No confronto entre essas diferentes visões, o brasileiro se divide entre dois extremos. Em sua dissertação de mestrado em história pela Universidade Federal de Pernambuco, intitulada O Lugar do Índio: Conflitos, Esbulhos de Terras e Resistência Indígena no Século XIX: o caso de Escada-PE (1860-1880), o historiador Edson Silva lembra que, na época pós-independência, a imagem do índio foi utilizada como símbolo da nacionalidade deste Brasil emergente à procura de identidade, que tentava se libertar da imagem dos colonizadores portugueses, ganhando impulso épico com a literatura romântica. Já a partir de meados do século 19, com o afã progressista, propagou-se o discurso de que era preciso converter os “bárbaros” índios em “homens civilizados” – e seu não ajustamento à lógica capitalista teria levado os indígenas a serem tachados de preguiçosos, vagabundos. Hoje, o impasse permanece.

– O índio continua com uma representação folclórica e distorcida, que leva a muito preconceito. Temos uma relação esquizofrênica com os índios: se ele está na floresta, é selvagem, provoca medo. Se está no nosso mundo, não são índios. Hoje, segundo estimativas oficiais, 40% dos índios estão urbanizados, e isso significa repensar o lugar do índio na nossa sociedade. Mas ainda existe um não-lugar – analisa Edson.

À medida que o índio deixa de se enquadrar no estereótipo idílico, aumenta o discurso de culpabilização por estarem “aculturados”, como se, por usarem telefone celular ou energia elétrica, deixassem de ser índios. O que é considerado preconceito por estudiosos da cultura indígena.
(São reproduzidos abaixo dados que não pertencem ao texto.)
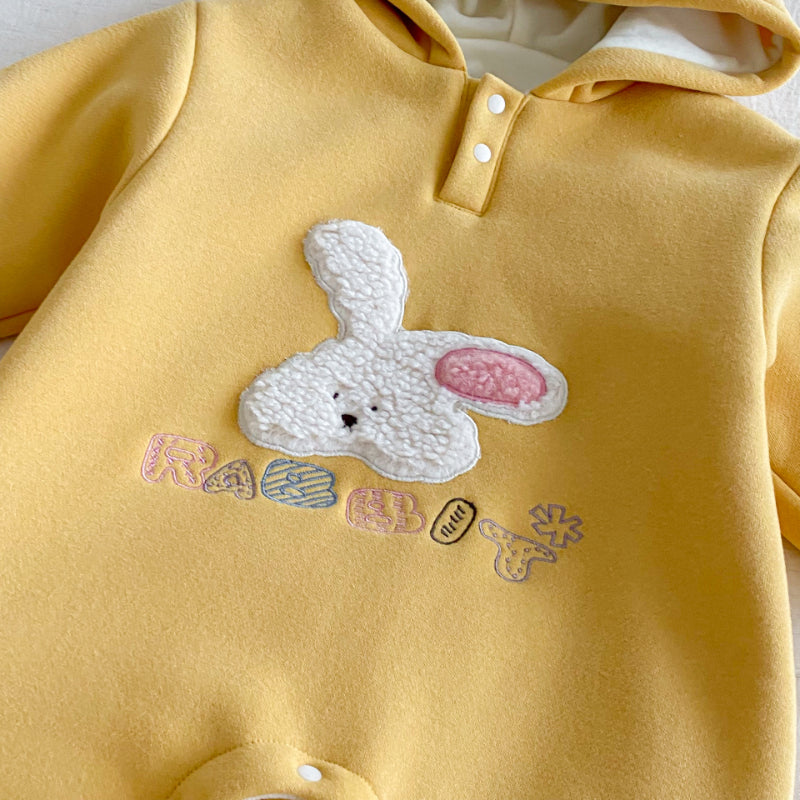 【66-90】 アニマル 刺繍 カバーオール - 画像 (14)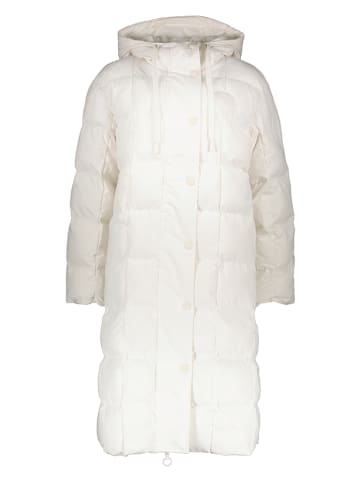 Lacoste Omkeerbare doorgestikte mantel wit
– Ser índio é bem mais do que usar um cocar, é uma forma de entender o mundo. A gente come comida japonesa e não deixa de ser ocidental. Esse argumento de que eles não são mais índios serve para invalidar as reivindicações por terra, porque não seria culturalmente válido, e isso tem um fundo perverso, que anula a identidade do outro. Na Constituição está garantido que eles têm direito a terras, mas como se descaracteriza isso? Dizendo que não são mais índios – critica a professora Paula Caleffi, doutora em história pela Universidad Complutense de Madrid com tese sobre os índios guaranis.

Ao vincular os indígenas a uma ideia de passado, o país deixaria de enfrentar o tema como parte do presente e do futuro do país. Presos a chavões como a ideia de que o país dispõe de “muita terra para pouco índio”, por exemplo, perderíamos a oportunidade de discutir a distribuição da terra. O pesquisador do Centro de Estudos Ameríndios da USP Spency Pimentel, professor da Universidade Federal da Integração Latino-Americana (Unila), observa que 98,5% das terras destinadas para indígenas estão na Amazônia, enquanto 52% da população indígena vive fora dela – em 1,5% das áreas restantes.

– O país fez reforma agrária em terras indígenas, os povos não foram consultados. Existe esse problema político na democracia brasileira. Ainda hoje muitas políticas são impostas, não passam por diálogo com eles. É preciso criar esses esses espaços de diálogo – defende.

Em meio a tantas teses, quem ouve o que representantes indígenas têm a dizer pode se surpreender. Indígena munduruku e conselheiro-executivo do Museu do Índio do Rio de Janeiro, o escritor Daniel Munduruku, que tem mestrado em antropologia social e doutorado em educação pela USP, chega a questionar a própria definição de índio:

– Chamar alguém de índio é desqualificar seu pertencimento a uma humanidade que foi sendo construída ao longo de milhares de anos. Este é um termo que diminui, que vem sendo usado pelo sistema econômico para facilitar o estereótipo e assim construir uma imagem negativa da cultura indígena. Creio que o grande papel dos indígenas na sociedade brasileira é manterem-se vivos para poder questionar o status quo que os quer destituídos de seus direitos básicos. O grande papel é mostrar que se pode ter tudo, sem deixar de ser o que se é.

Em pleno século 21, os índios ainda procuram seu quinhão na aldeia global.